And Here I am

Pour nous qui défendons la cause palestinienne depuis de longues années cette prestation d’Ahmed Tobasi a été un grand moment salué avec enthousiasme par un public où la jeunesse était très présente.


© The Freedom Theater

Il faut reconnaître qu’Ahmed donne tout de lui-même pour nous entraîner avec lui dans ce parcours de vie, le sien qui commence dans le camp de Jénine fondé en 1953 en Cisjordanie pour accueillir les Palestiniens chassés de chez eux en 1948 à la création de l’état d’Israël, un camp où de nombreux groupes de résistants se sont armés pour lutter contre l’occupation israélienne. 

Lui est né là, en 1984 et a connu deux Intifada, ce qui signifie émeutes et répression.

Sur un plateau encombré d’objets hétéroclites (scénographie, Sarah Beaton) mais choisis pour une certaine pertinence, bidons, valises éventrées, balais et morceaux de bois marqués du nom du TNS (hommage au théâtre qui l’accueille et allusion à sa propre destinée théâtrale) en une remarquable prestation, très animée, très vivante, il retrace les épisodes d’une vie marquée par le fait d’être né dans un des pires endroits du monde puisque la liberté et le droit d’y vivre dépendent d’une puissance étrangère.

Drapé dans son keffieh, le grand foulard symbole de la résistance palestinienne,  se coiffant ou enlevant son petit calot rouge  de combattant (costumes Sarah Beaton) c’est en mimant avec expressivité les situations vécues, les rencontres qu’il nous introduit dans son histoire, montrant la pauvreté du camp, le désordre, l’insalubrité, puis les débuts de sa révolte quand il rêvait d’être Leonardo DiCaprio ou Rambo et qu’à 17 ans après avoir appris que son cousin était mort en kamikaze et qu’un de ses copains avait été tué par un sniper qu’il décide d’entrer dans la lutte armée.
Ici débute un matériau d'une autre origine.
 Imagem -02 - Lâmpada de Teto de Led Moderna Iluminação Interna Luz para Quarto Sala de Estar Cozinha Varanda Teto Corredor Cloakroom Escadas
Très concrètement on le voit afficher les portraits des morts et parader avec sa kalachnikov, faisant les gestes de tirer. Mais, parenthèse dans cette époque tourmentée de son adolescence, comme pour éclairer ce sombre tableau, il nous révèle son amour pour la jeune Sanaa à qui il fait parvenir ses déclarations par un jeune enfant du camp moyennant récompense. Il joue avec habileté et humour les deux personnages de cette courte fugue, comme il imite l’intervention de son père lui déconseillant de rejoindre les résistants. Qu’à cela ne tienne, il part et se retrouve bientôt arrêté, enfermé dans une prison israélienne dans le désert du Neguev. On l’y voit se désespérer.

A sa sortie, devenu presque fou et très déprimé il veut s’immoler par le feu. C’est alors qu’il croise le Freedom théâtre créé et dirigé par Juliano Mer-Khamis qui lui fait comprendre que le théâtre est la meilleure arme pour lutter et il s’engage à fond dans cette résistance culturelle puis part en Norvège parfaire sa formation. Là, il nous montre sa joie de vivre dans un pays libre, il va et vient sur le plateau en sautant et dansant mais la dure réalité le rattrape quand il apprend la mort de son mentor, Juliano a été assassiné. Il décide de rentrer à Jénine où le nouveau directeur du Freedom théâtre, Mustefa Sheta le retient comme directeur artistique ce qu’il est toujours alors que le camp a été vidé de ses habitants par les dernières attaques israéliennes.

Cette histoire mouvementée c’est celle d’Ahmed écrite par l’auteur irakien Hassan Abdulrazzak, traduite en français par Juman Al-Yasiri mise en scène par Zoe Lafferty,

Cette immersion dans la vie d’un palestinien qui, après avoir connu de terribles événements peut dire du théâtre « la voilà ma chance pour tout changer » nous a procuré beaucoup d’émotion.